The CRISPR/Cas9-mediated EB1, EB2, and EB3 knockout was performed according to the protocol of Ran et al. (2013). In brief, HeLa, RPE1, and HT1080 cell lines were transfected with the vectors bearing the appropriate targeting sequences using FuGENE 6. 1 d after transfection, RPE1 cells were subjected to selection with 25 µg/ml puromycin for 3 d; HeLa and HT1080 cells were subjected to selection with 2 µg/ml puromycin for 2 d. After selection, cells were allowed to recover in normal medium for ∼7 d, and knockout efficiency was checked by immunofluorescence staining. Depending on the efficiency, 39–51 individual clones were isolated and characterized by Western blotting and immunostaining. EB1/2/3mut HeLa cells and EB1/3mut RPE1 cells were generated by targeting EB1-, EB2-, and EB3-encoding genes simultaneously, and EB1/3mut HT1080 cells were generated by targeting EB1- and EB3-encoding genes simultaneously. EB1/3/CAMSAP2mut RPE1 cells were generated on the basis of the EB1/3mut cell line. MMG and AKAP450 knockout RPE1 cells were described previously (Wu et al., 2016). The mutated portions of the EB-encoding genes were sequenced by PCR using primers located in the vicinity of the corresponding gRNA target sites.
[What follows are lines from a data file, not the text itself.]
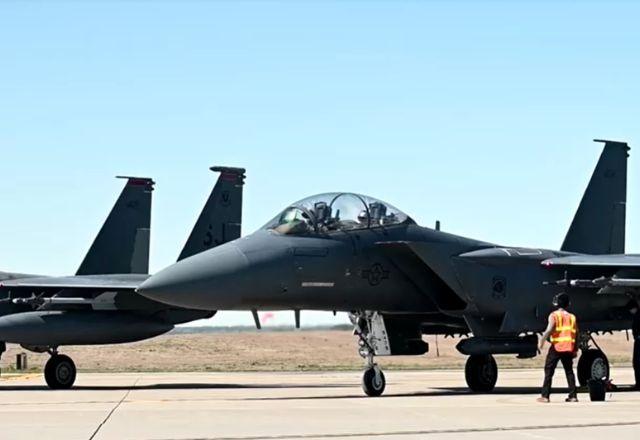 Caça americano é abatido no Irã e EUA iniciam operação de resgate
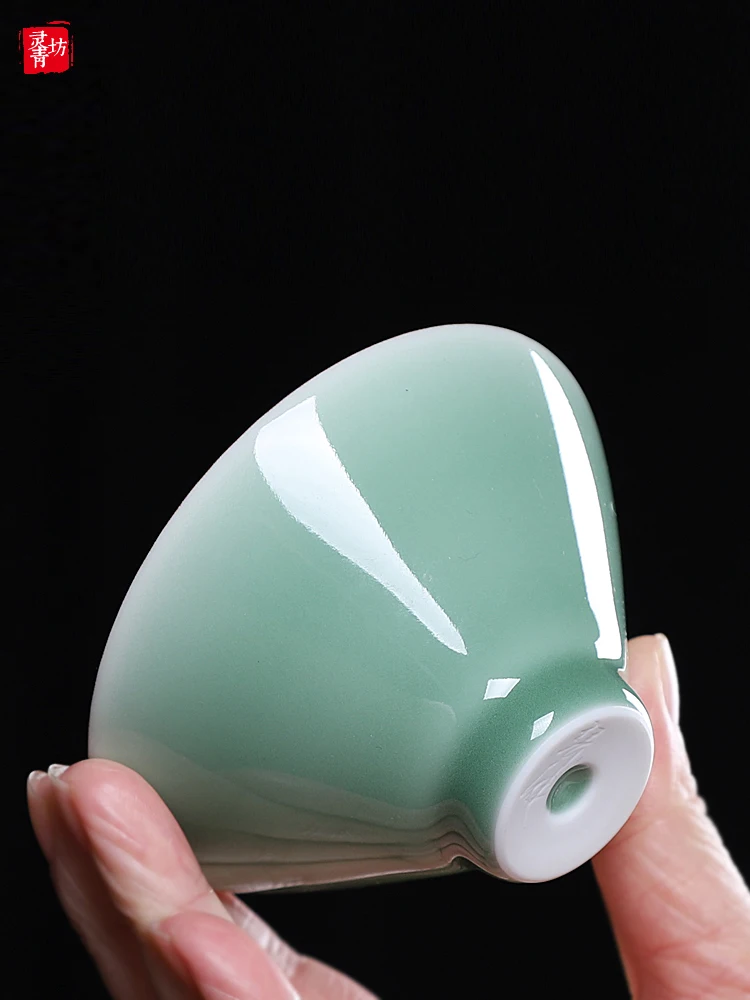 

Handmade Blue Porcelain Tea Cup Lid Bowl High End Owner Cup Tea Bowl Ceramic Gongfu Tea Set Tea Lamp from Ling Qing Fang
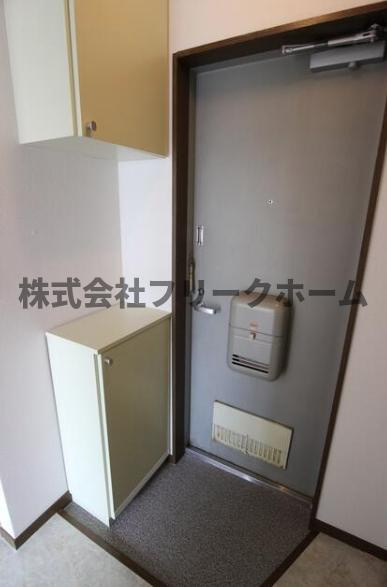 武蔵野市中町３丁目のアパートの玄関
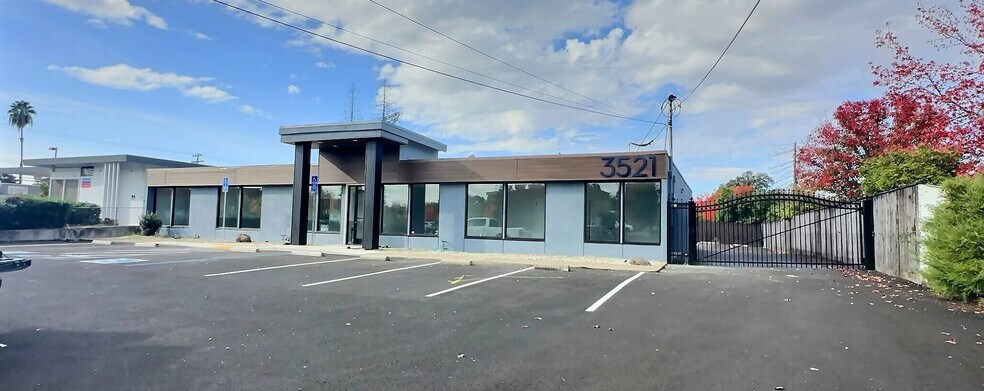 Primary Photo Of 3521 Mission Ave, Carmichael Medical For Lease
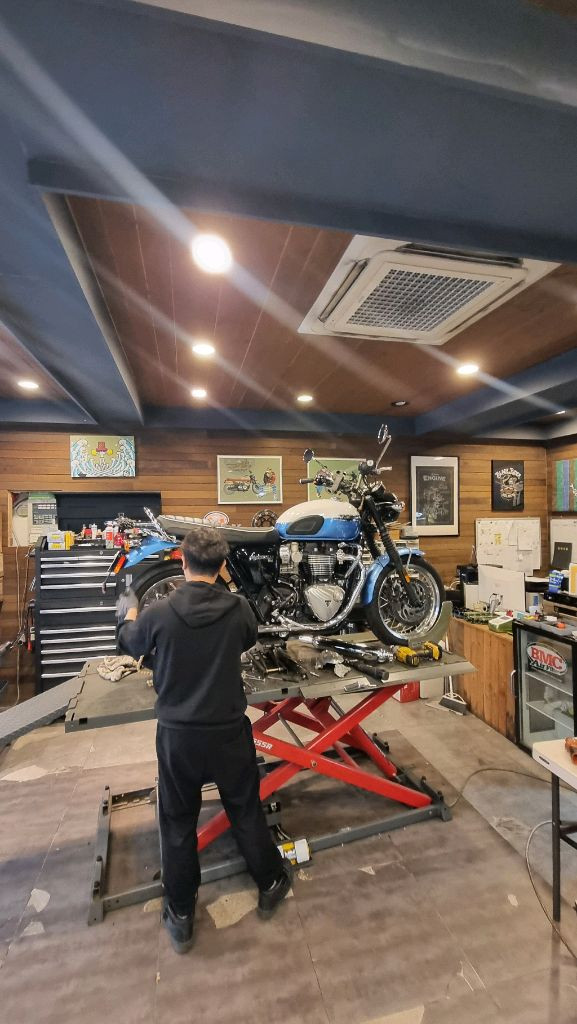 트라이엄프 본네빌 T120--5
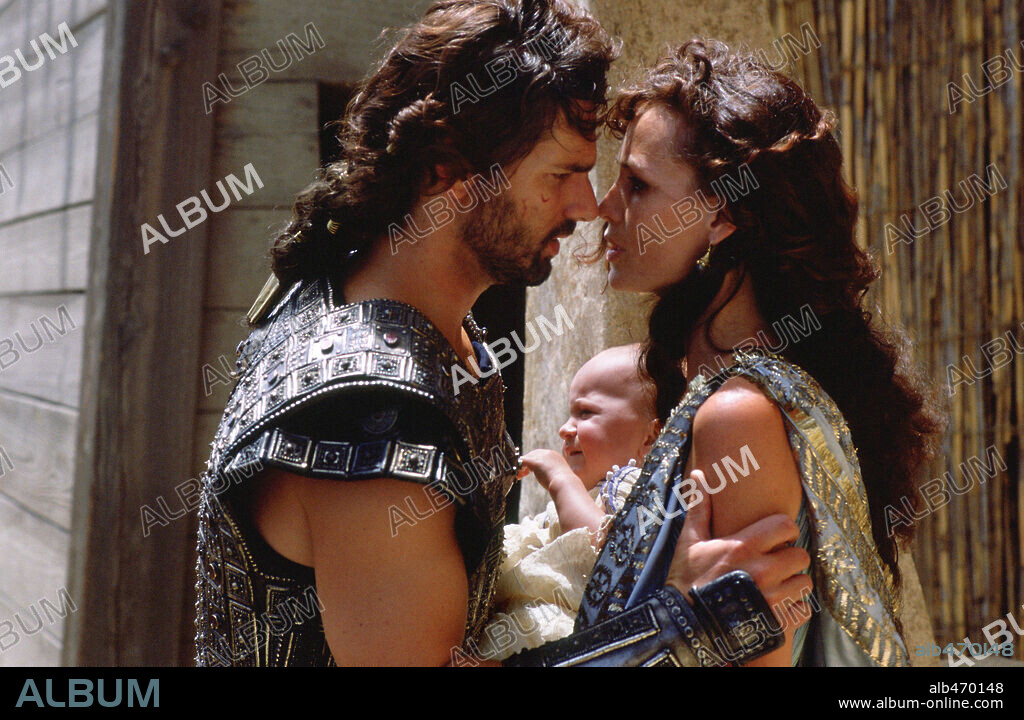ERIC BANA and SAFFRON BURROWS in TROY, 2004, directed by WOLFGANG PETERSEN. Copyright WARNER BROS. / BAILEY, ALEX.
Antibodies, pull down assays and immunofluorescence cell staining

We used rabbit antibodies against CAMSAP2 (NBP1-21402, Novus; 17880-1-AP, Proteintech), EB3 (Stepanova et al., 2003), CLIP170 and CLASP1 (Akhmanova et al., 2001), GM130 (ab52649; Abcam), GFP (ab290; Abcam), CEP135 (SAB4503685-100UG; Sigma-Aldrich), and goat anti–myosin IIB antibody (sc-47205; Santa Cruz). Alexa-Fluor-594-conjugated phalloidin was purchased from Life Technologies (A12381). We used mouse monoclonal antibodies against GM130 and paxillin (610822 and 610823; BD Biosciences), β-tubulin, γ-tubulin (T5201 and T6557; Sigma-Aldrich), and rat monoclonal antibodies against EB2 (Komarova et al., 2005) and α-tubulin YL1/2 (MA1-80017; Pierce). The following secondary antibodies were used: IRDye 800CW/680LT goat anti–rabbit, anti–rat, and anti–mouse and streptavidin IRDye 680RD (Li-Cor Biosciences) and Alexa Fluor 350–, 405–, 488–, and 594–conjugated goat antibodies against rabbit, rat, and mouse IgG (Molecular Probes).

Streptavidin pull-down assays were performed from extracts of HEK293T cells coexpressing biotin ligase BirA, biotinylation- and GFP-tagged constructs used as bait, and GFP-tagged constructs used as prey, as described previously (Lansbergen et al., 2006). In brief, constructs were transfected separately into HEK293 cells by using PEI (Polysciences). After 48 h, protein extracts were prepared using the lysis buffer containing 20 mM Tris-Cl, pH 7.5, 150 mM NaCl, 0.5 mM EDTA, 1 mM DTT, 1% Triton X-100, and a protease inhibitor cocktail (Roche). The pull-down assays were performed using streptavidin beads (Invitrogen).

GST pull-down assays were performed as described previously using EB–GST fusions purified from Escherichia coli (Komarova et al., 2005). In brief, individual GST fusion proteins were bound to glutathione Sepharose beads (Amersham Biosciences) in a buffer containing 20 mM Tris HCl, pH 7.5, 300 mM NaCl, and 1% Triton X-100. After incubation for 1 h on a rotating wheel at 4°C, beads were separated from the supernatant by centrifugation and washed four times in the same buffer. The beads were then incubated with purified GFP-CAMSAP2 or GFP-MACF43 and analyzed on Coomassie-stained gels. GFP-CAMSAP2 was purified from HEK293 cells. Cells were transfected using PEI and lysed in the lysis buffer (50 mM Hepes, 300 mM NaCl, and 0.5% Triton X-100, pH 7.4) supplemented with protease inhibitors (Roche). After clearing debris by centrifugation, cell lysates were incubated with StrepTactin beads (28-9355-99; GE Healthcare), and the beads were washed with the lysis buffer without protease inhibitors and with the wash buffer (50 mM Hepes, 300 mM NaCl, and 0.5% Triton X-100, pH 7.4). The proteins were eluted with the elution buffer (50 mM Hepes, 150 mM NaCl, 0.05% Triton X-100, and 2.5 mM desthiobiotin). The N-terminally 6xHis-tagged GFP-MACF43 purified from E. coli by immobilized metal-affinity chromatography on Ni-NTA agarose (QIAGEN Benelux) was described previously (Preciado López et al., 2014).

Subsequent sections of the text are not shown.